• [Exercise inputs]:

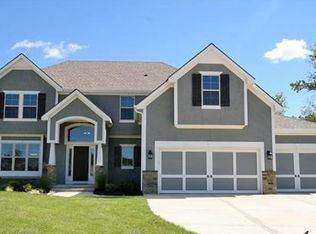 5955 N Nevada Ave, Parkville, MO 64152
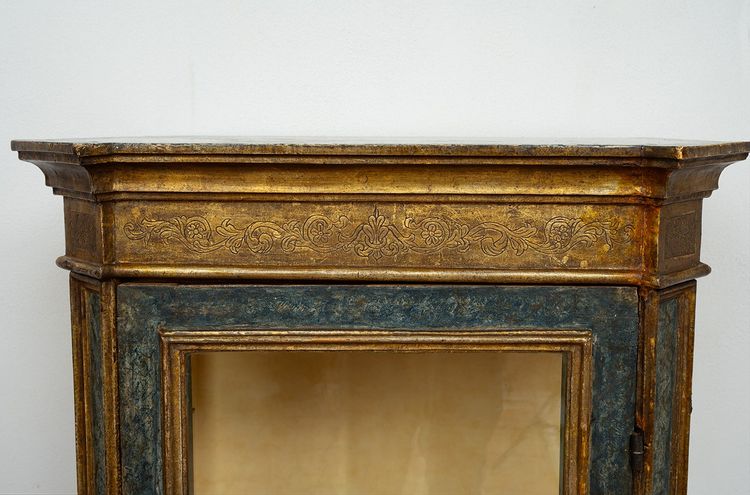 Antica vetrina in legno laccato e dorato. Napoli, XVIII secolo.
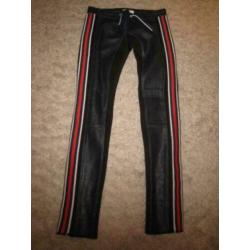 Tenax bijna nieuwe Italiaanse skinny broek met leer, S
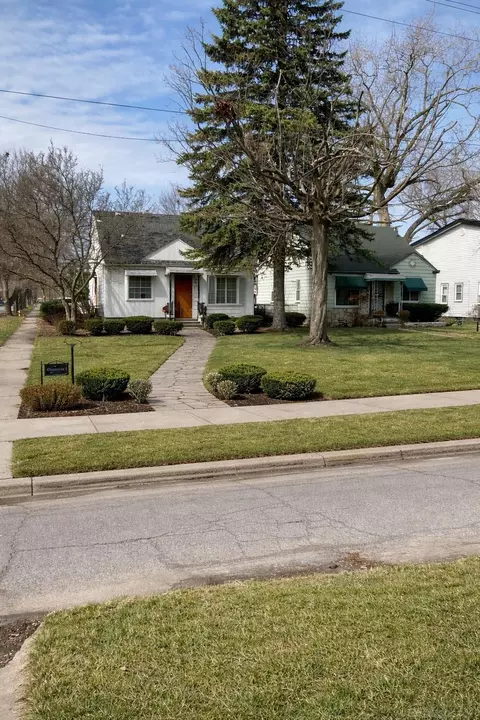 3854 John Daly, Inkster, MI 48141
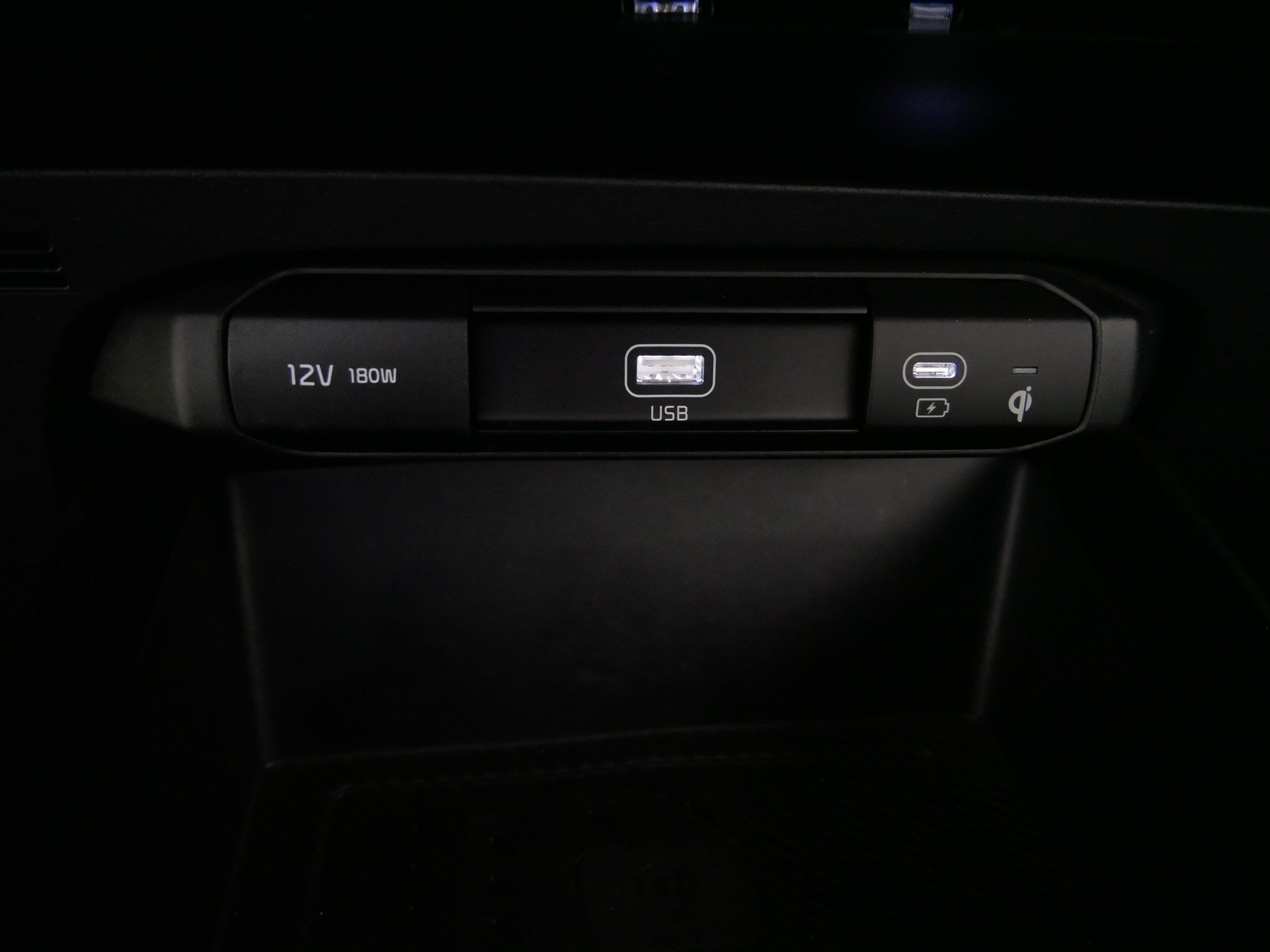 Used 2024 Kia Niro FWD image 29
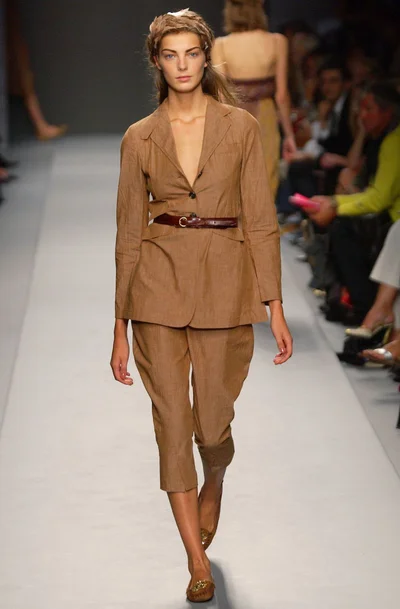 Look 49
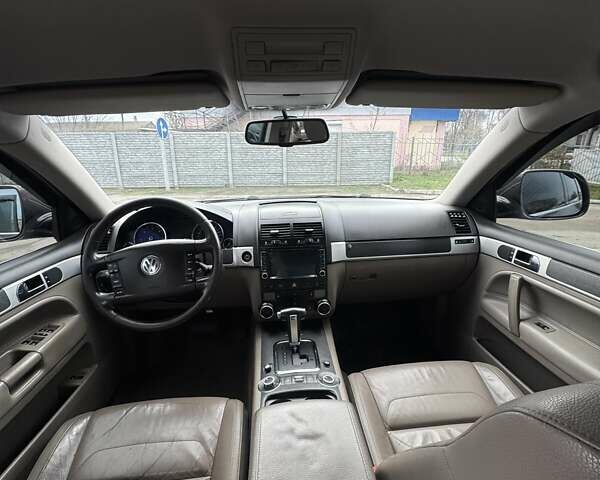Коричневый Фольксваген Туарег, объемом двигателя 3 л и пробегом 391 тыс. км за 10900 $, фото 12 на Automoto.ua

• [What you should do]: Retype word for word all the material given above, and keep the pictures out.

• [Answer box]:
 5955 N Nevada Ave, Parkville, MO 64152
 Antica vetrina in legno laccato e dorato. Napoli, XVIII secolo.
 Tenax bijna nieuwe Italiaanse skinny broek met leer, S
 3854 John Daly, Inkster, MI 48141
 Used 2024 Kia Niro FWD image 29
 Look 49
Коричневый Фольксваген Туарег, объемом двигателя 3 л и пробегом 391 тыс. км за 10900 $, фото 12 на Automoto.ua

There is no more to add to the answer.